The Thermomix has been around since the 1960s, when it first launched in Germany as a food processor. After many years of innovation, it found its way onto the Australia market in 2000, combining the functions of 10 appliances in one unit.
We first tested the Thermomix as a "first look" back in 2010. Since then a number of young pretenders have sought to topple the king of kitchen machines, and members have been clamouring for us to test their claims directly against the Thermomix and see whether it really does justify its high price.
Our home economist, Fiona Mair, has tested these machines and is impressed with the performance of all of them. They are true multi-taskers that can chop, beat, mix, whip, grind, knead, mince, grate, juice, blend, heat, stir and steam. The Thermomix and Thermochef even have inbuilt scales.
For more information about benchtop appliances, see Kitchen.
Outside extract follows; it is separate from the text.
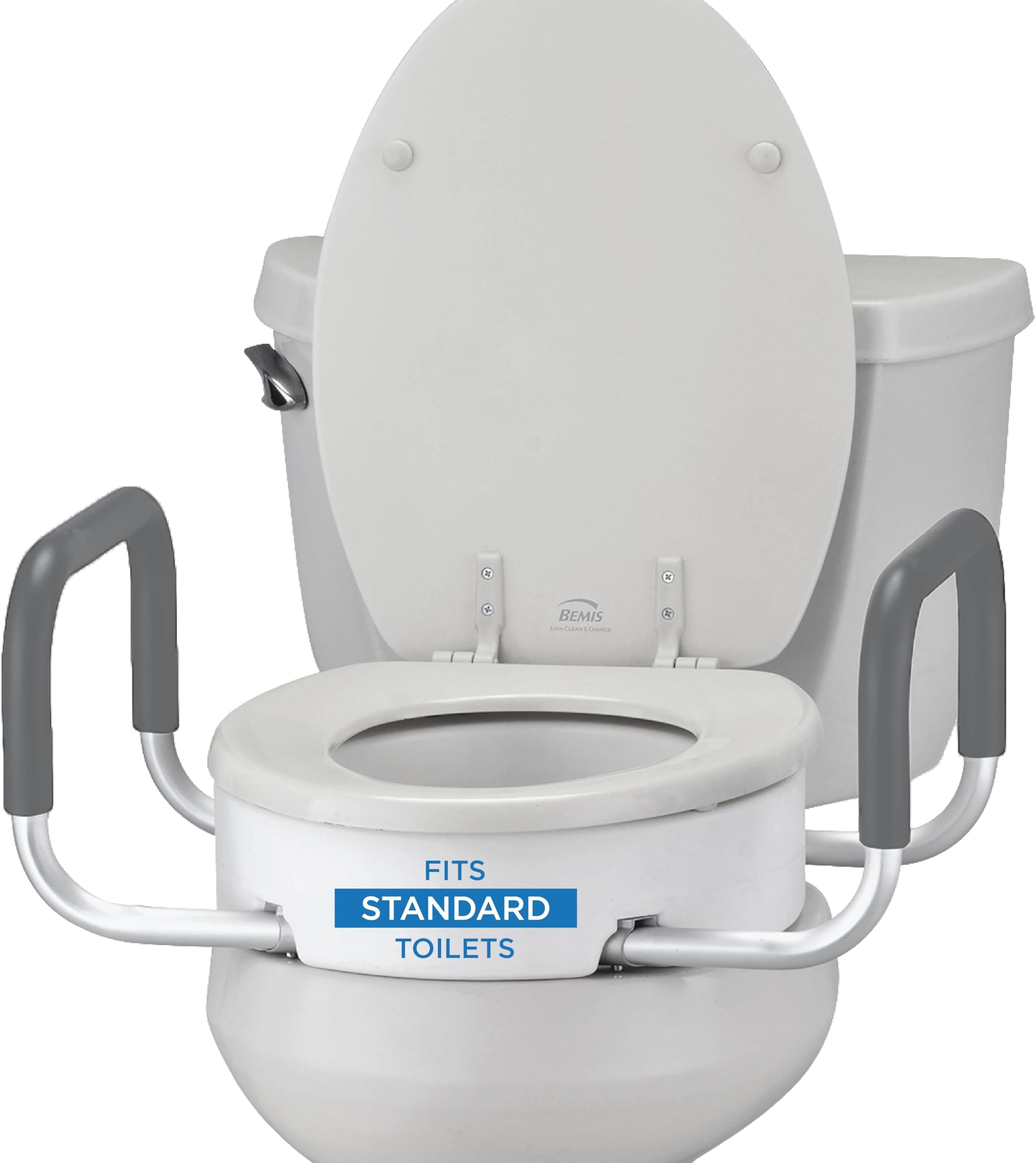 NOVA Raised Toilet Seat with Handles for Seniors – Standard Toilet Riser with Safety Grab Bars, Elevated Toilet Seat for Elderly, Disabled & Post-Surgery Support - Standard Toilet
We also looked at the Kenwood Cooking Chef - it's different in design to the other all-in-one machines and we felt it was unfair to compare it directly. It looks like a traditional Kenwood Chef benchtop mixer, but with an induction heating element that allows you to cook food in it as well. See What to Look For
, for more information about the Cooking Chef.
Brands and models tested
- Bellini Intelli Kitchen Master BTMKM510W
- ThermoChef Natura
- Thermomix TM31
How we test
Performance our home economist, Fiona Mair, assesses the functions of the kitchen machines by conducting a range of tests from chopping, to kneading, to braising and making risotto, steaming and crushing. A total of 16 tests are conducted on the machines and the results are averaged into the overall performance score.
Ease of use Fiona assesses how easy the controls are to use, the general ease of use of the machine and how easy it is to clean and store.